Patrick began at NIST in 2006 as an NRC-NIST postdoc. At the time, his focus was on the development of an optical frequency comb metrology system for the calibration of vacuum-wavelength. In 2008 he began to investigate highly precise measurements of the refractive index of air using a Fabry-Perot cavity-based refractometer. The work culminated in one of the most accurate measurements of the refractive index of nitrogen and argon at 633 nm, and laid the groundwork for what developed into the 2012 Innovation in Measurement Science (IMS) project entitled "Reinventing pressure, temperature, and length". The IMS project was awarded the Department of Commerce Gold medal in 2017.

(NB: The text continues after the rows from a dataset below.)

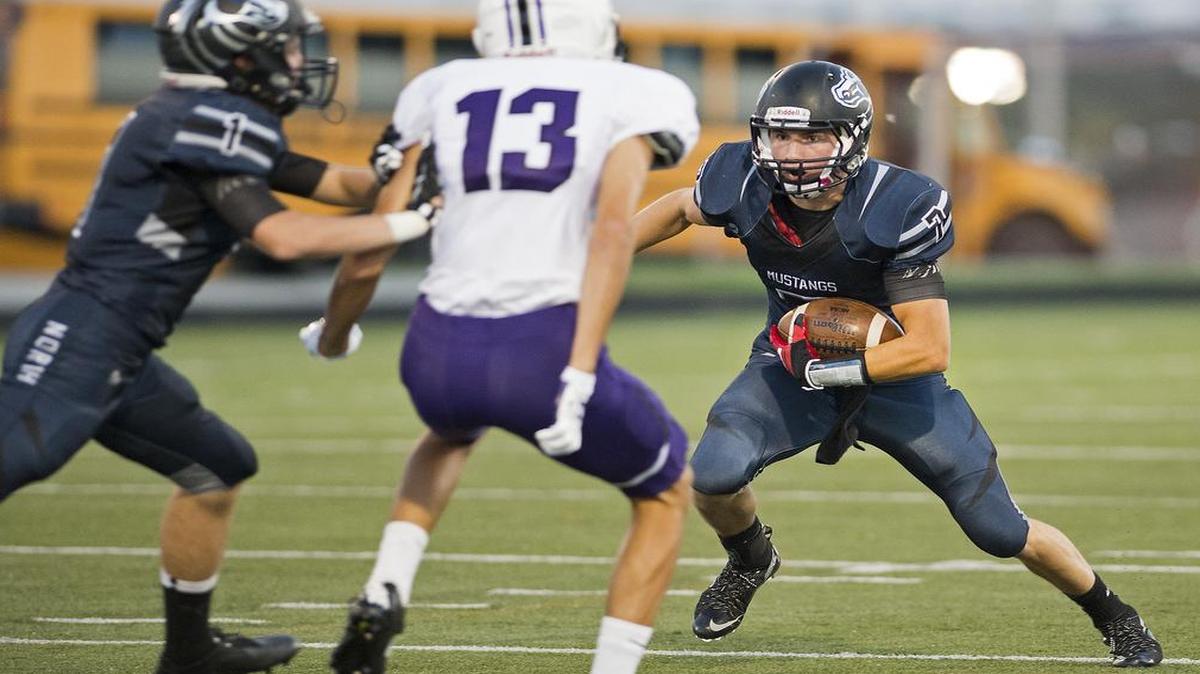
Blue Valley North’s Jack Gordon (right) took advantage of a block by teammate Calvin Masters on Blue Valley Northwest’s Matthew Fischbach in Friday’s game.


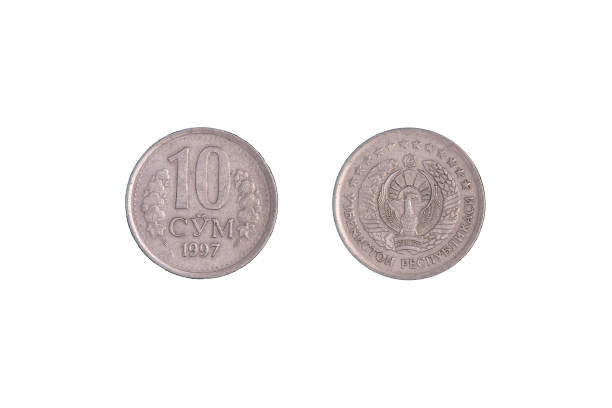 istock 10 Uzbek som coin on a black background. close-up on both sides 1370247551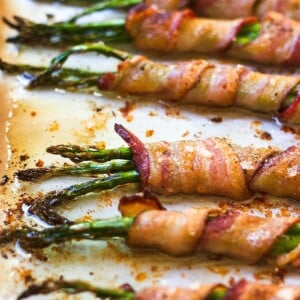 Bacon Wrapped Asparagus Bundles in a parchment-lined sheet pan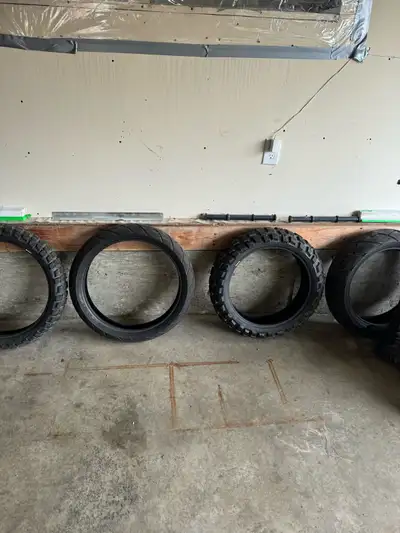 Motorcycle tires, a pair of street and a pair of Off-road Like new off of 2016 KTM 1290 super advent...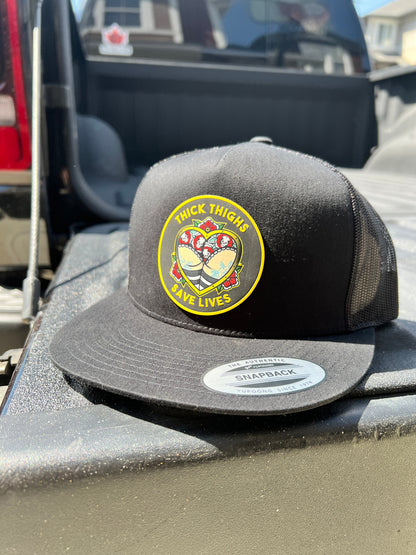 Black Thick Thighs Save Lives trucker hat with a colourful round patch, angled front view on a truck bed.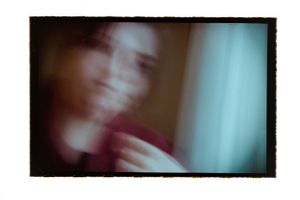 Blurry close-up film photo of a smiling person in a red top.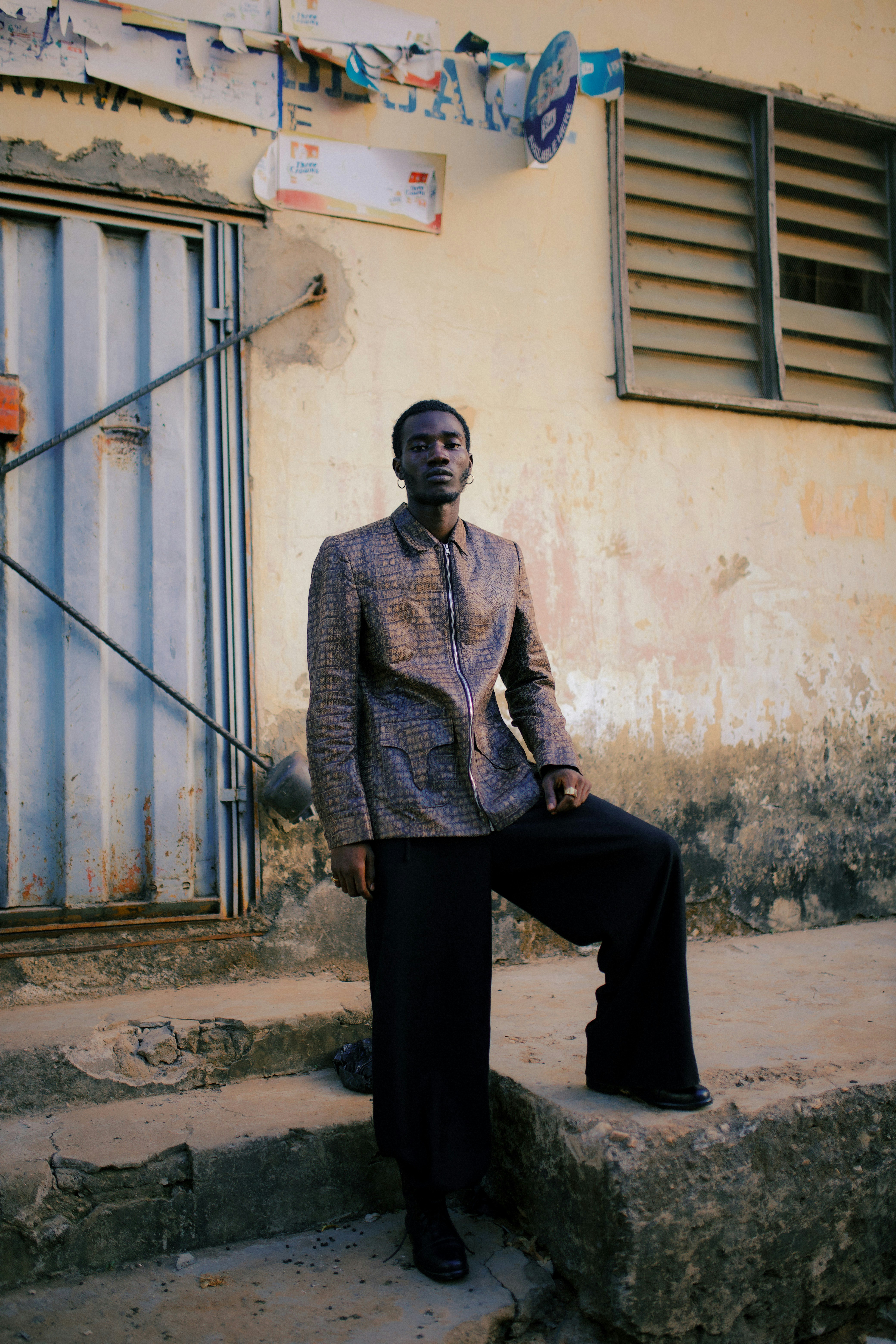 A man in a textured brown jacket and black trousers on concrete steps against a weathered wall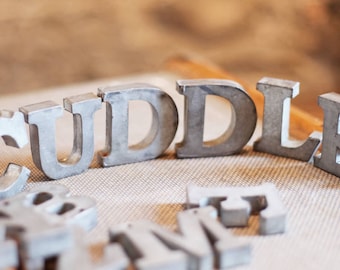 May include: Metal letters spelling out the word "cuddle" in a silver finish. The letters are arranged in a semi-circle on a textured surface.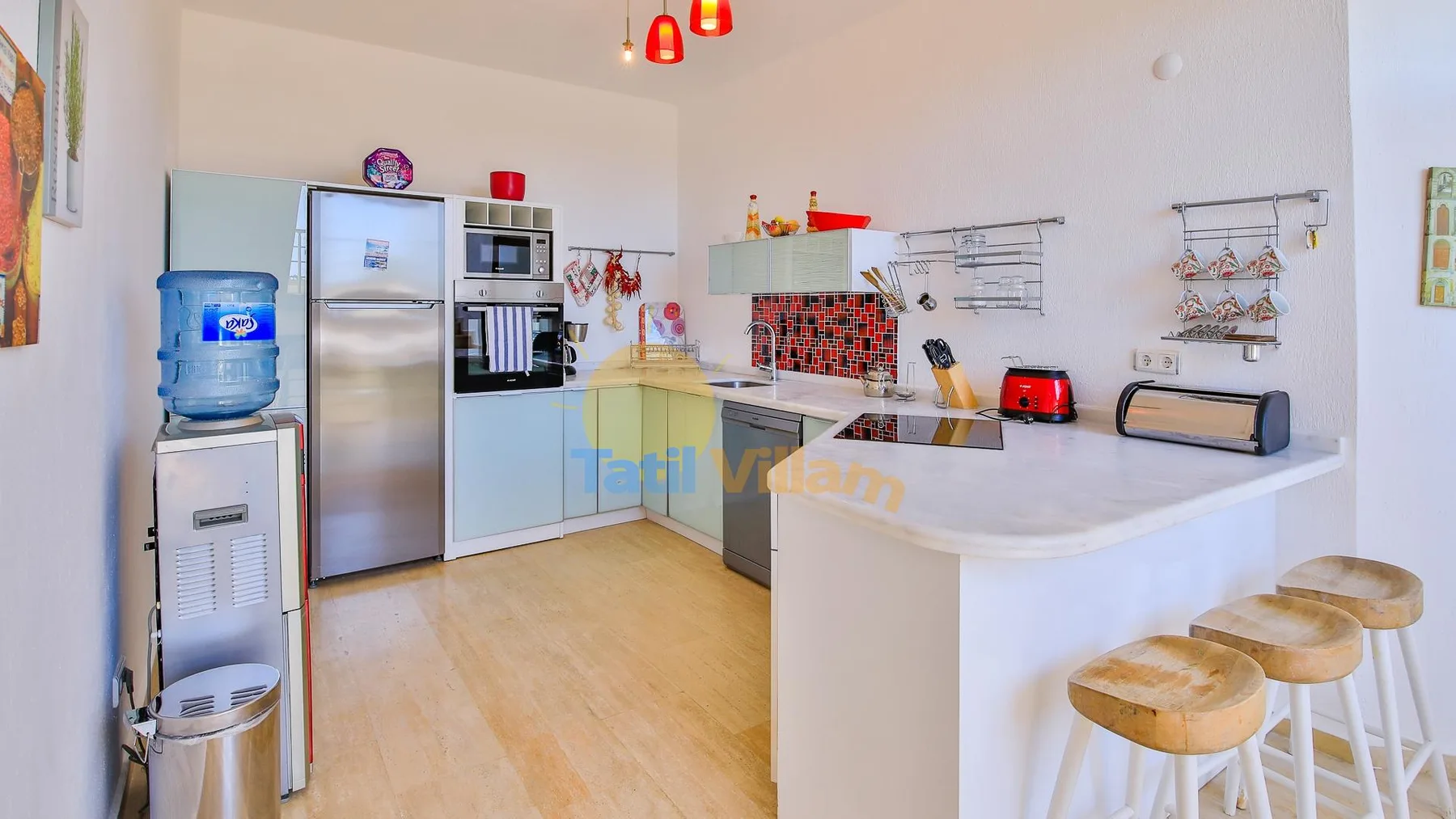 A bright kitchen with a central island and stainless-steel appliances.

Throughout his career, Patrick has achieved several milestones in precision thermophysical measurement. He led an effort to determine the Boltzmann constant in 2017, via the equation of state and polarizability of helium. He has built some of the world's most stable Michelson interferometers as epoxy-free assemblies of fused silica glass. His work in refractometry has been foundational to the optical pressure scale, realizations of which are currently being investigated by several national metrology institutes around the world. His measurement of the thermal expansion coefficient of fused quartz glass was more accurate than anything before; a reference material for thermal expansion is essential to calibrate a dilatometer. He has contributed to the international effort to improve the temperature scale; his determination of the temperature scale error was one of the few above room temperature not based on the speed of sound. His procedure to calculate the effective area of a piston-cylinder assembly from dimensional characterization established the nation's current mechanical pressure scale.
Since 2015 Patrick has been a staff member of the Dimensional Metrology Group, and leader of the SI Length and Traceability project.